Crédit photo Amélie d’Heilly

Les dispositifs d’alerte professionnelle, ou “whistleblowing”, permettant aux salariés de signaler des actes ou comportements contraires aux lois ou règlements, impliquent généralement la mise en œuvre d’un traitement automatisé de données à caractère personnel et nécessitent, par conséquent, l’autorisation préalable de la Cnil.

Les délais d’obtention de cette autorisation préalable s’avérant peu compatibles avec les impératifs des entreprises, la Cnil a édicté, dès décembre 2005, une autorisation appelée “autorisation unique” ou “AU-004” en vertu de laquelle les entreprises peuvent se limiter à adresser un simple engagement de conformité, à condition toutefois que le traitement de données envisagé soit en tout point conforme à ce texte, à défaut de quoi une autorisation spécifique restera nécessaire.

Cependant, la Commission nationale de l’informatique et des libertés ayant dû traiter près d’une soixantaine de demandes d’autorisation spécifique entre 2011 et 2013, il lui est apparu nécessaire d’étendre le champ d’application de l’autorisation unique, comme elle l’avait déjà fait en 2010 en matière de pratiques anticoncurrentielles, afin de limiter le nombre de demandes d’autorisation spécifique.

La Cnil a ainsi adopté la délibération n° 2014-042 le 30 janvier 2014, qui prévoit trois modifications substantielles de l’AU-004 qui nous semblent répondre de manière pragmatique aux besoins des entreprises.

L’AU-004 est désormais applicable, outre en matière financière, comptable, bancaire, de lutte contre la corruption et de pratiques anticoncurrentielles, aux domaines suivants :

• lutte contre les discriminations et harcèlement au travail ;

• santé, hygiène et sécurité au travail ;

• protection de l’environnement.

Autre modification importante, l’autorisation unique ne vise plus uniquement les dispositifs d’alerte professionnelle mis en œuvre pour répondre à une obligation issue d’une loi ou d’un règlement français, à la loi américaine “Sarbanes-Oxley” ou à la loi japonaise “Japanese SOX”, mais également ceux déployés pour répondre à un intérêt légitime dans les domaines visés par l’autorisation unique.
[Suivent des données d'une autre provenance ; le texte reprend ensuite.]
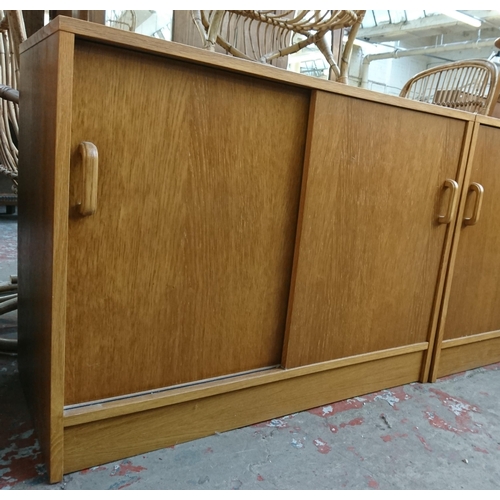 187 - Two mid/late 20th century oak two door office cabinets - approx. 72cm high x 91cm wide x 46cm deep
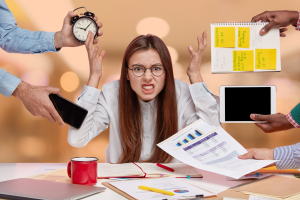 Overwhelmed manager at desk — visual metaphor for performance issues hidden behind busyness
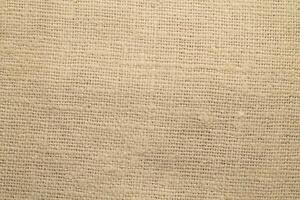 Natural Linen Material Textile Canvas Fabric Texture Background Close-up Detail of Fabric Natural Color Hemp Material Pattern Design Wallpaper. Can be Used as Background or For Graphic Design photo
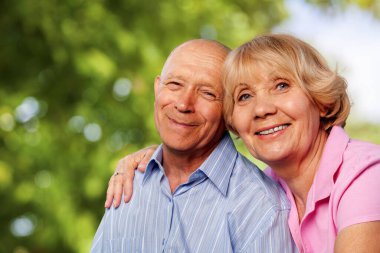 Park arka planında poz veren güzel yaşlı çiftin portresi.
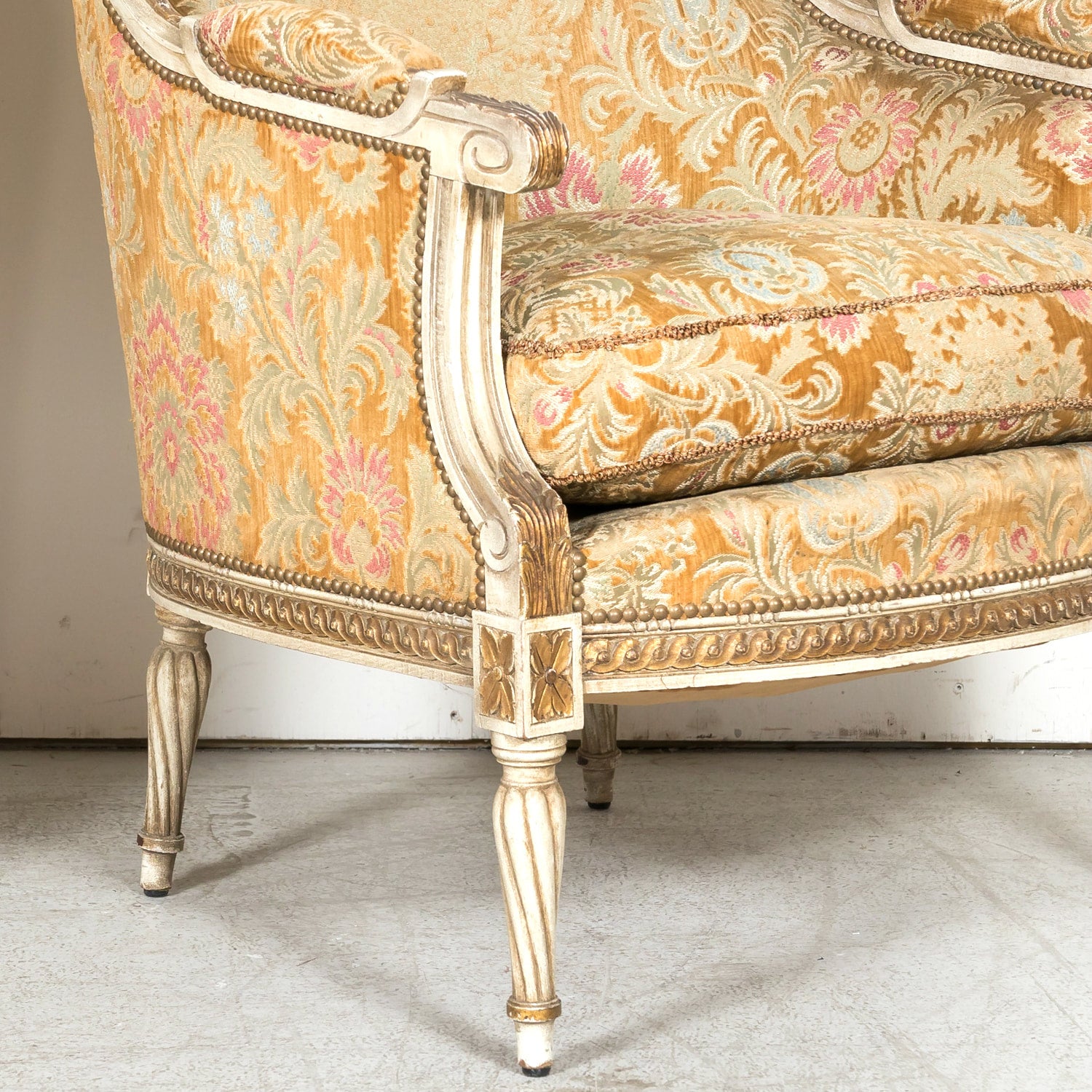 Pair of Early 21st Century French Louis XVI Style Parcel Gilt and Painted Maison Jansen Bergere Armchairs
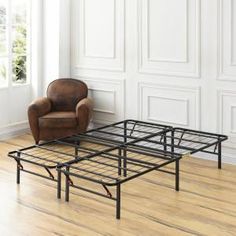 a bed frame sitting on top of a hard wood floor next to a brown chair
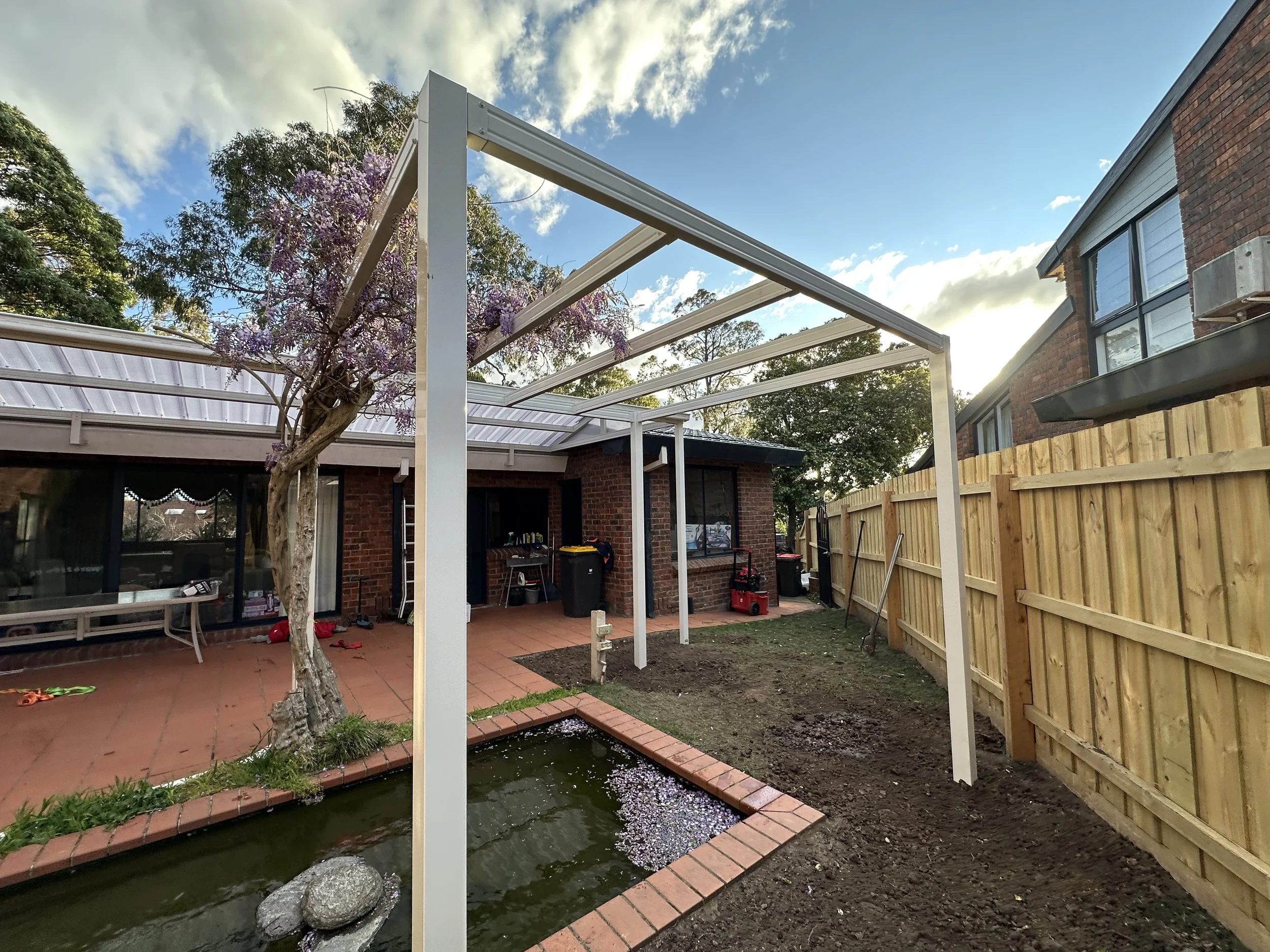 Backyard with a brick house, a small pond with rocks, a wooden fence on the right, a tree with purple flowers, and a white metal frame structure being assembled.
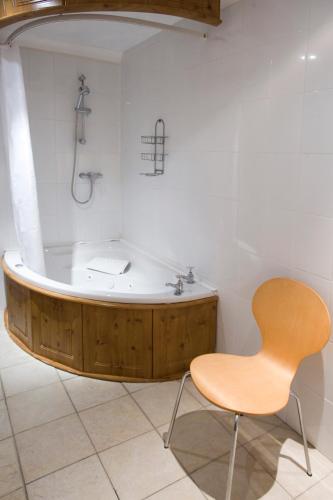 a bath tub with a wooden chair in a bathroom at Bourne Hall Country Hotel in Shanklin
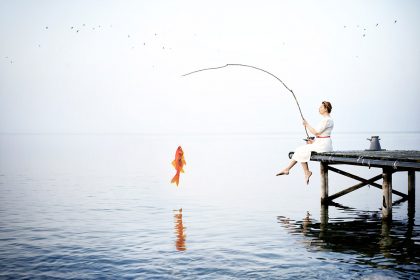 Delphine Millet Fish in the sea - Staged photography delicate sensitive surrealist minimalist lake goldfish humor funny - Art conceptual photographer in Berlin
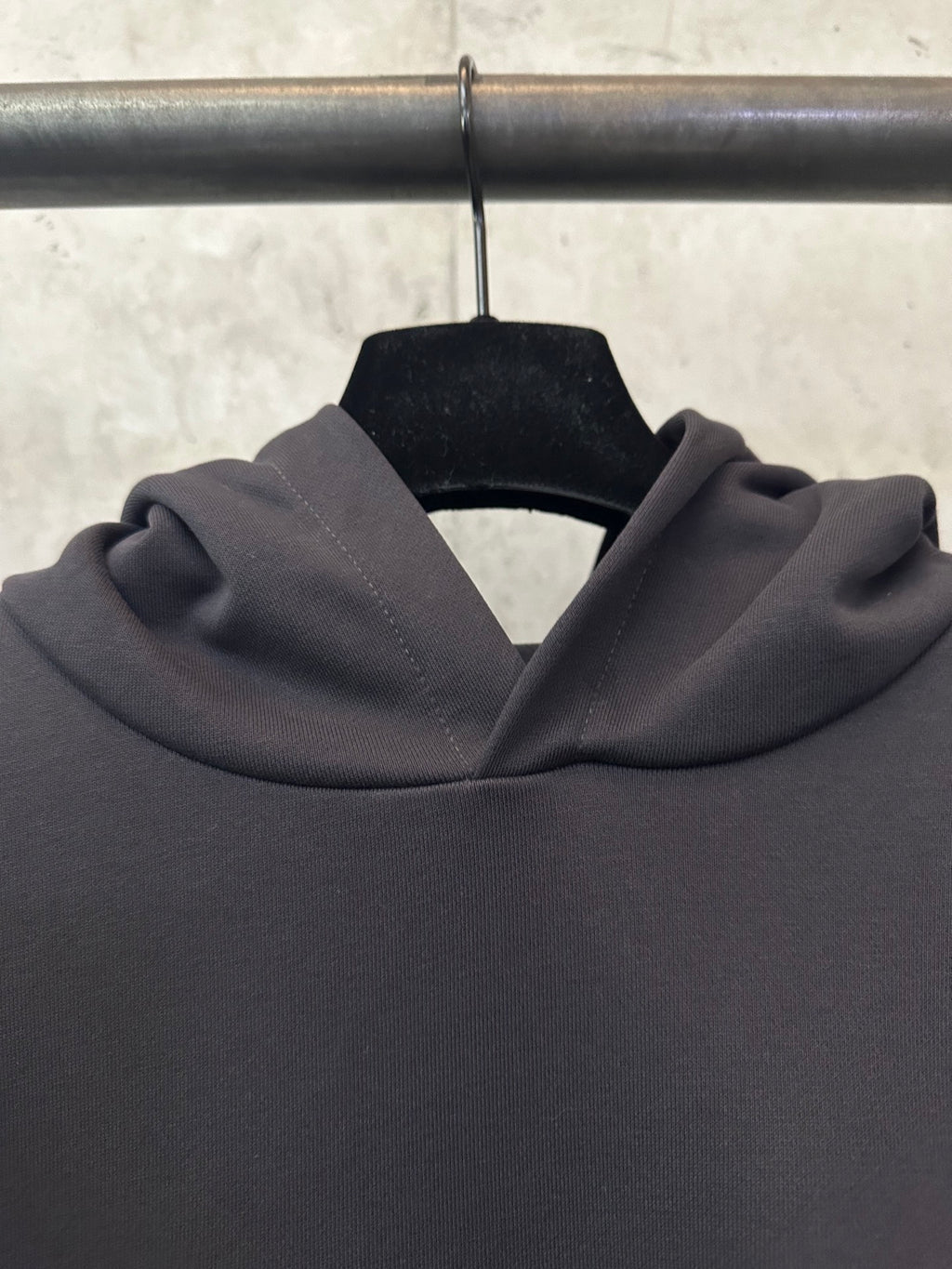 Black hoodie hood and neckline with ribbed texture, close-up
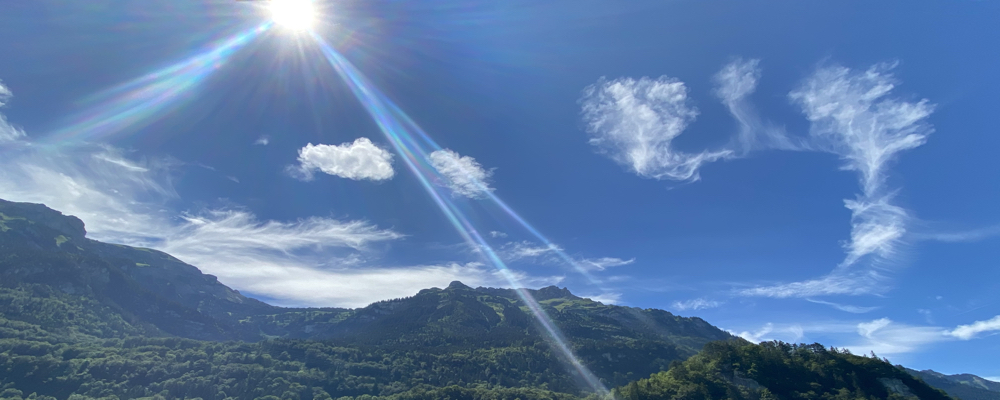 Sonnenstrahlen über grünen Bergen unter blauem Himmel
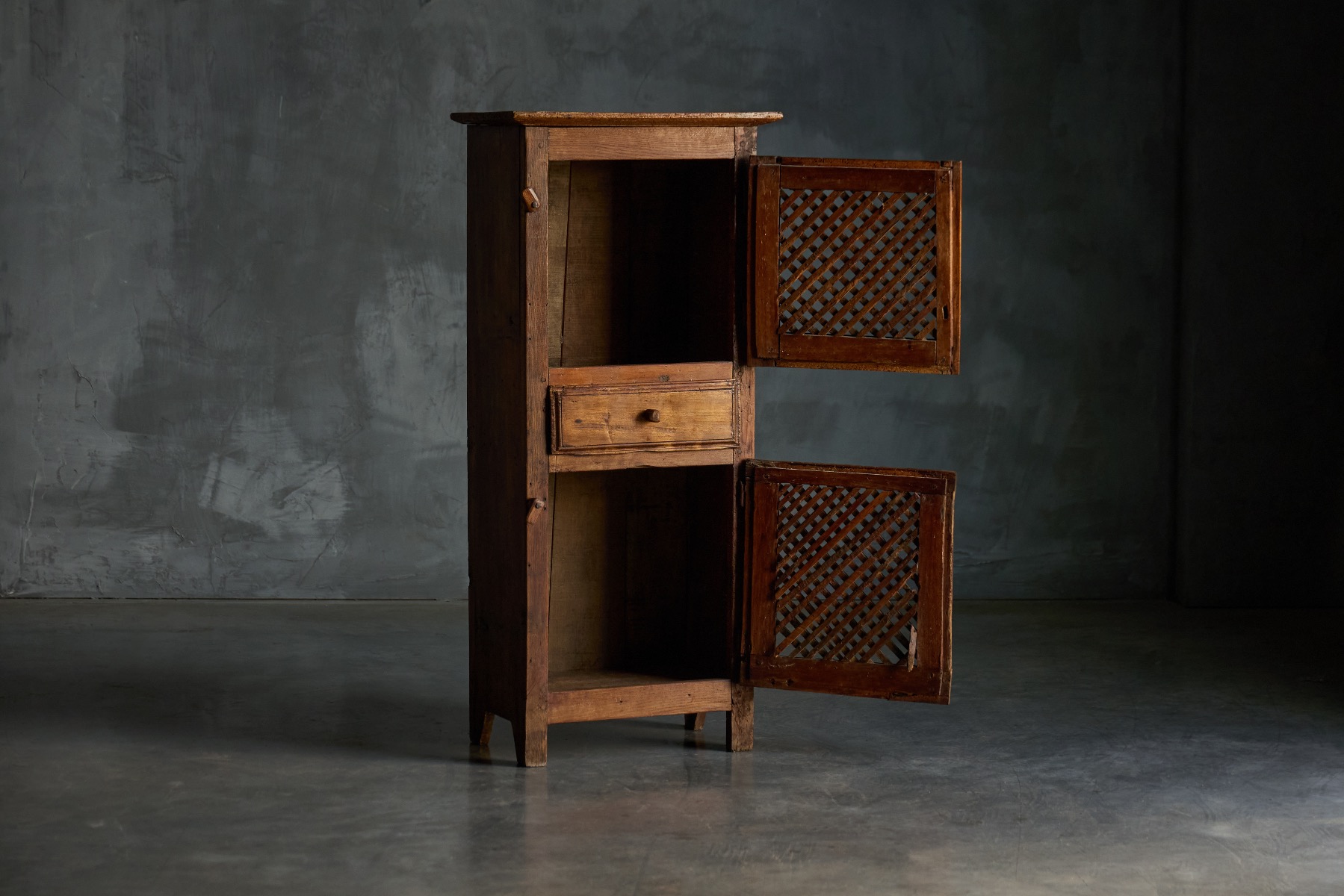 Antique folk art cabinet crafted in solid wood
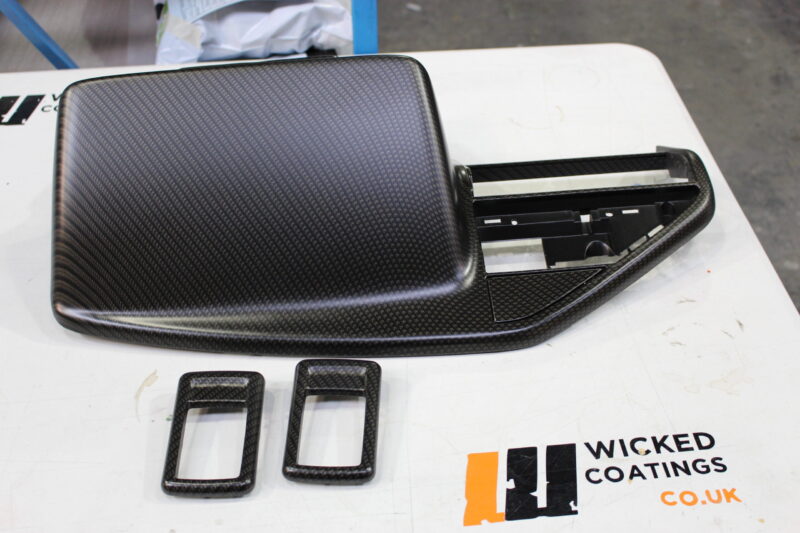 Various car interior parts coated in carbon fibre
Enfin, si la délibération n° 2014-042 n’a pas modifié le principe selon lequel l’émetteur de l’alerte doit s’identifier et ne pas être incité à rester anonyme, elle prévoit tout de même, par exception, que le traitement des alertes anonymes est toléré, à la condition toutefois que la gravité des faits soit établie et détaillée et que le traitement de cette alerte fasse l’objet de précautions particulières.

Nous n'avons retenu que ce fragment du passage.